●韓国が日本を侵略したという事実
何度も言うが、日本が韓国を植民地支配した事実はない。

むしろ、日本が統治したことによって韓国の人口は1300万人から2600万人に増えた。また、衛生状態が改善されたことなどによって平均寿命が24歳から56歳にまで延びた。

教育面では、日本が手を入れたことで、併合時100校ほどしかなかった公立学校は、わずか8年後には460校にまで増えた。その結果、識字率は4%から61%にまで上がったのだ。本当に韓国が日本の植民地支配下にあれば、このような劇的改善はなかったはずだ。

一方で、韓国が日本に侵略した事実はある。というか、いまでも侵略は続いている。島根県沖に浮かぶ小さな島「竹島」がそれだ。韓国に実行支配されてからもう70年が経ってしまった。

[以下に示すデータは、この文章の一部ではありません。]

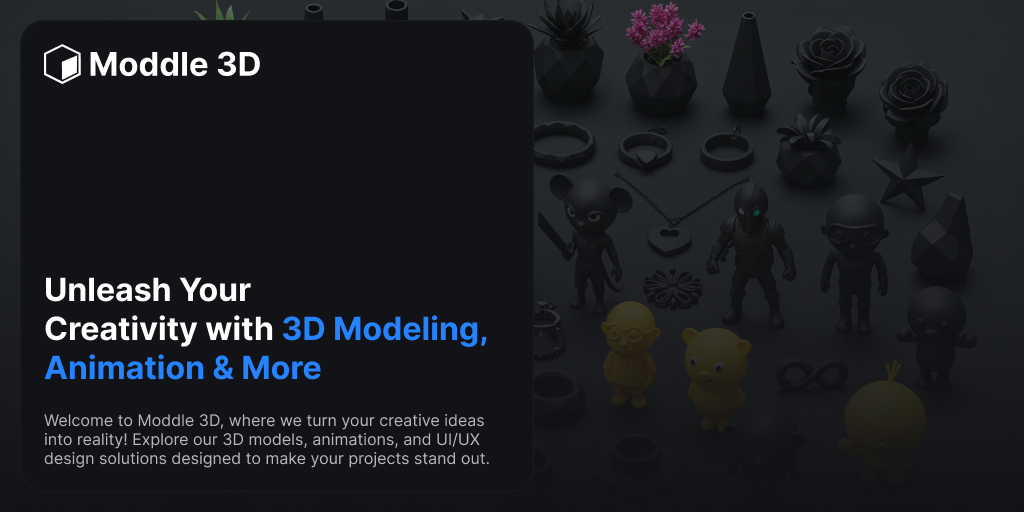 Moddle 3D | Unleash Your Creativity with 3D Modeling, Animation & More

韓国が竹島の山頂に設置した砲台は相変わらず日本に向けられているし、日本が何度も抗議しているにも関わらず、竹島調査は定期的に行われている。かつては李明博(イ・ミョンバク)元大統領が自身の支持率回復のために、韓国の大統領として初めて竹島に上陸したこともあった。

日本領である竹島には韓国人が何人も住民票を置いているし、何もない岩を見に韓国人観光客がわざわざやって来たりもする。

韓国は「独島(竹島の韓国名)は自国領だ」と主張するが、主張するばかりでそれを証明できたことは一度もない。日本が国際司法裁判所への提訴を3度も提案したが、韓国はこれを拒否し続けてきた。証拠を持ち合わせていないから、法廷で争えないのだ。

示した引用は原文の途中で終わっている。